It’s not uncommon to hear Kyiv’s skeptics lament the extent to which its European partners have relied on the U.S. for the bulk of Ukraine’s assistance. If that talking point was ever valid, it is no longer. The European Union’s commitments to Ukraine are now double America’s, according to the Kiel Institute for the World Economy. Indeed, “the gap widens” when including non-E.U. members to “a total of $166.92 billion in commitments by all main European donors (EU and non-EU), compared to less than $75 billion by the U.S.”
Likewise, some persist in arguing that the West’s support for Ukraine risks crossing a Russian “red line” that would draw NATO directly into a conflict with a nuclear-armed Russia. This argument is unfalsifiable insofar as it has survived the crossing of Moscow’s many supposed “red lines.” From the dispatching of HIMARS, tanks, drones, anti-tank missiles, Stinger anti-aircraft missiles, and Patriot missile-defense systems to Ukraine’s attacks on targets inside Russia and in the areas it occupies in Ukraine, opponents of U.S. aid insist Russia’s red line is forever just over the horizon.

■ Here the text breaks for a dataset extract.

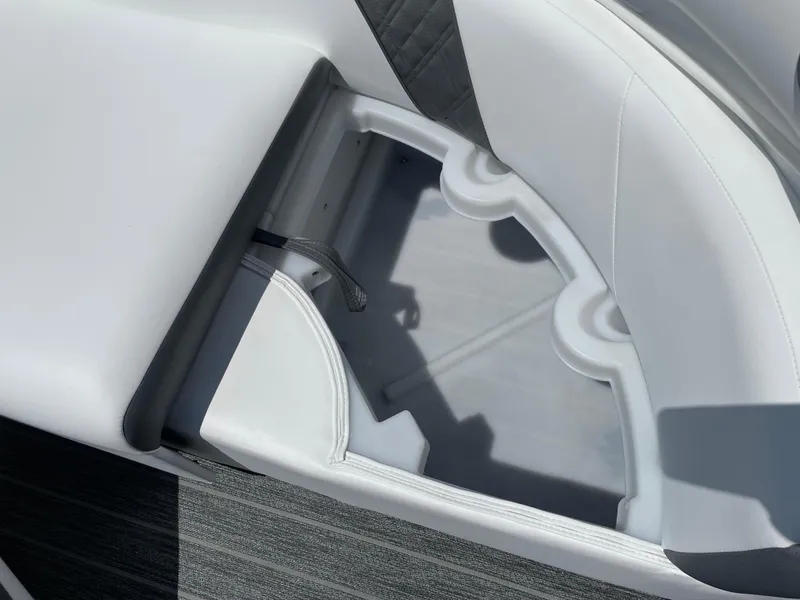 Slide: The Image of 2024 Premier Supersport boat seat storage compartment with cup holders, featuring sleek white upholstery. - 34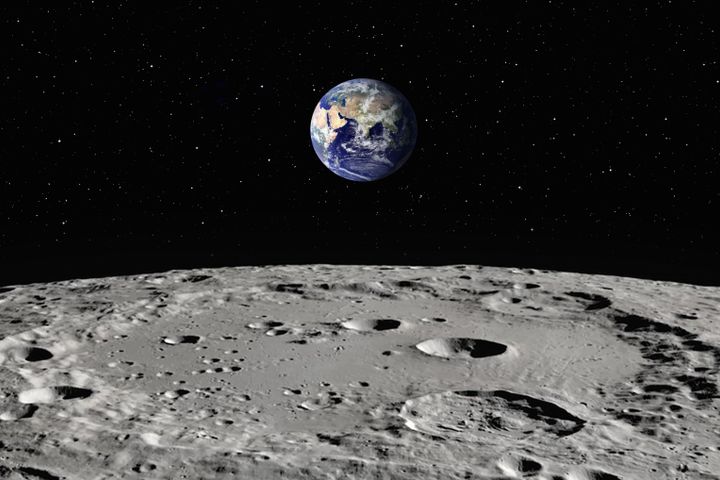 Et bilde av den gråaktige bakken på månen, som det er små groper i, og i bakgrunnen ser man jorden langt avgårde.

It is also not true that the aid to Ukraine is a magic increment of funding that, if it weren’t spent resisting Russian aggression, would seal our Southern border or end the phenomenon of homeless veterans. It is expensive, no doubt, but a drop in the bucket compared with the domestic programs that are driving the debt (and that many of the populist opponents of Ukraine aid don’t want to touch).
It would be preferable, of course, if Russia had not embarked on a war of conquest in Europe, unleashing some of the worst atrocities the continent has seen in over 70 years. But the Western world is now confronted with an undesirable but inescapable choice: allowing a land-hungry despot to upset the European order, with deleterious (and expensive) consequences, or buttressing Kyiv.
Providing for Ukraine’s defense — and, in so doing, diminishing Russia’s capacity to menace Europe and to divert U.S. resources in the process — is vastly preferable to the alternative.